-- Task statement --
I need the lines from the one containing "Terreno no bairro São João Margem Direita" through the last line of the entries retyped exactly, with no pictures among them.

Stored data
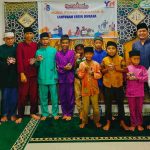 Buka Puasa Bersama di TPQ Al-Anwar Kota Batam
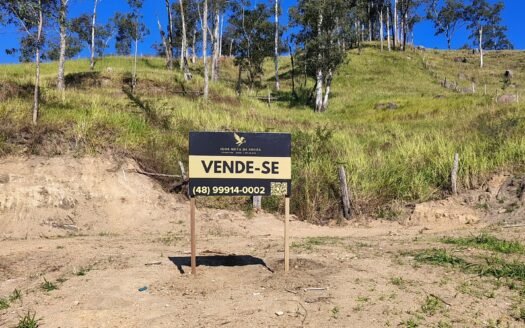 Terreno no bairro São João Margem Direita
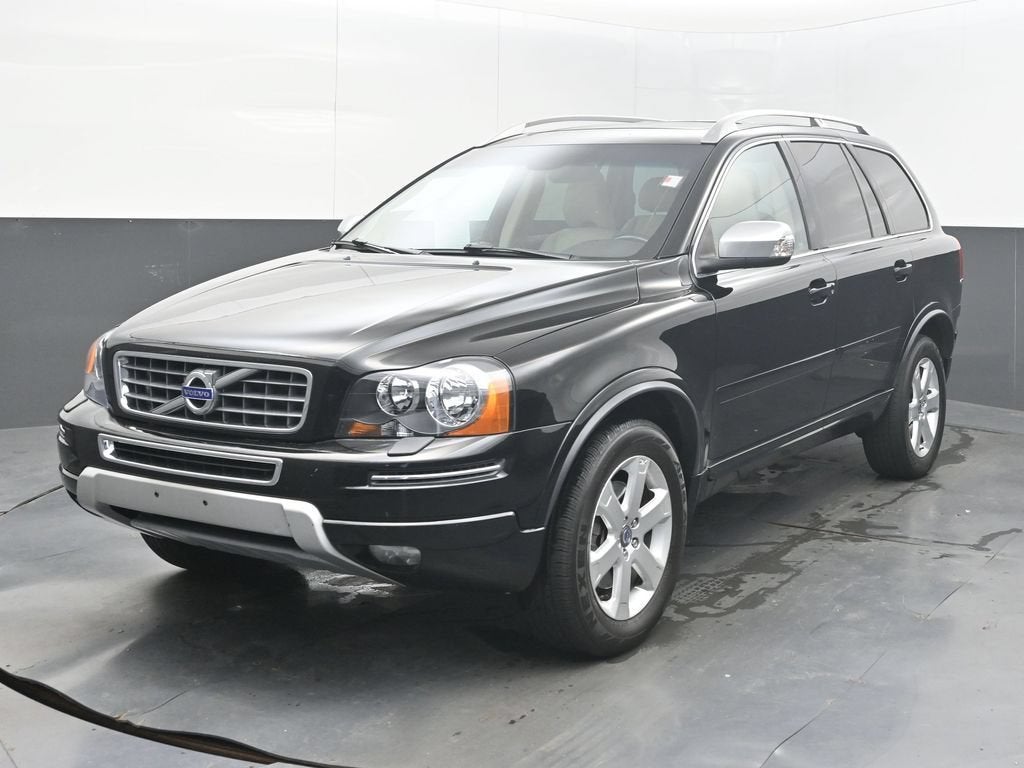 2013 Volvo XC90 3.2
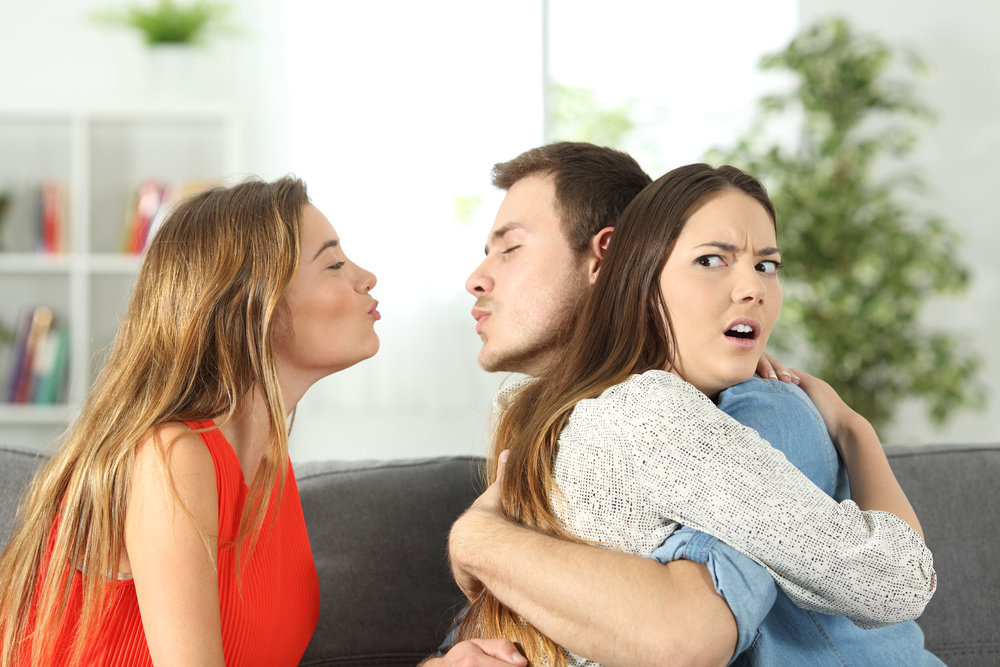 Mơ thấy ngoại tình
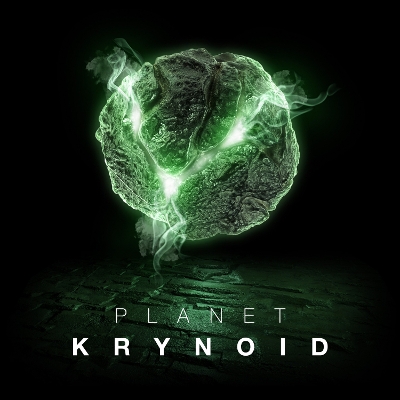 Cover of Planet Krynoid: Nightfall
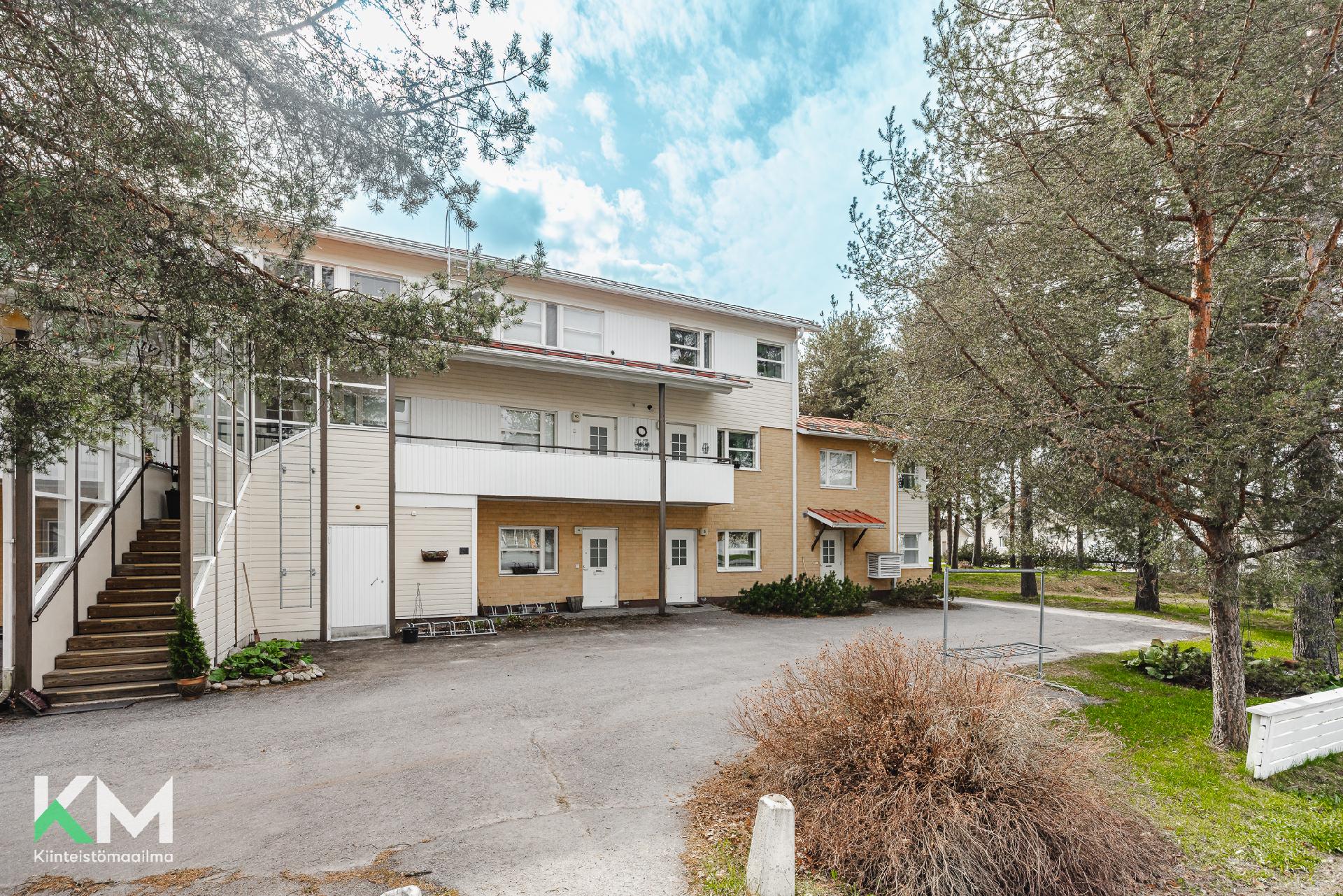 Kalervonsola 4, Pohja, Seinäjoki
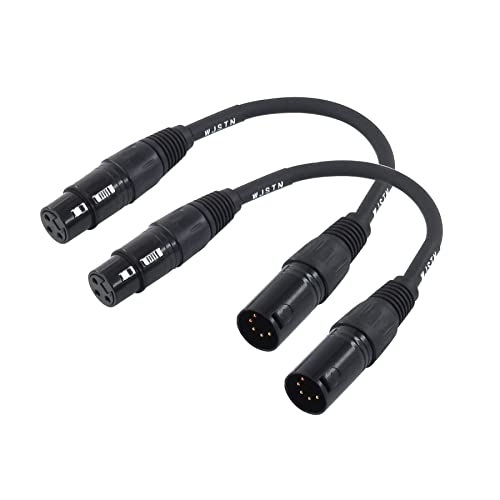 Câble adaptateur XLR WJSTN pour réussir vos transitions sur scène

-- Output below --
 Terreno no bairro São João Margem Direita
 2013 Volvo XC90 3.2
 Mơ thấy ngoại tình
 Cover of Planet Krynoid: Nightfall
 Kalervonsola 4, Pohja, Seinäjoki
 Câble adaptateur XLR WJSTN pour réussir vos transitions sur scène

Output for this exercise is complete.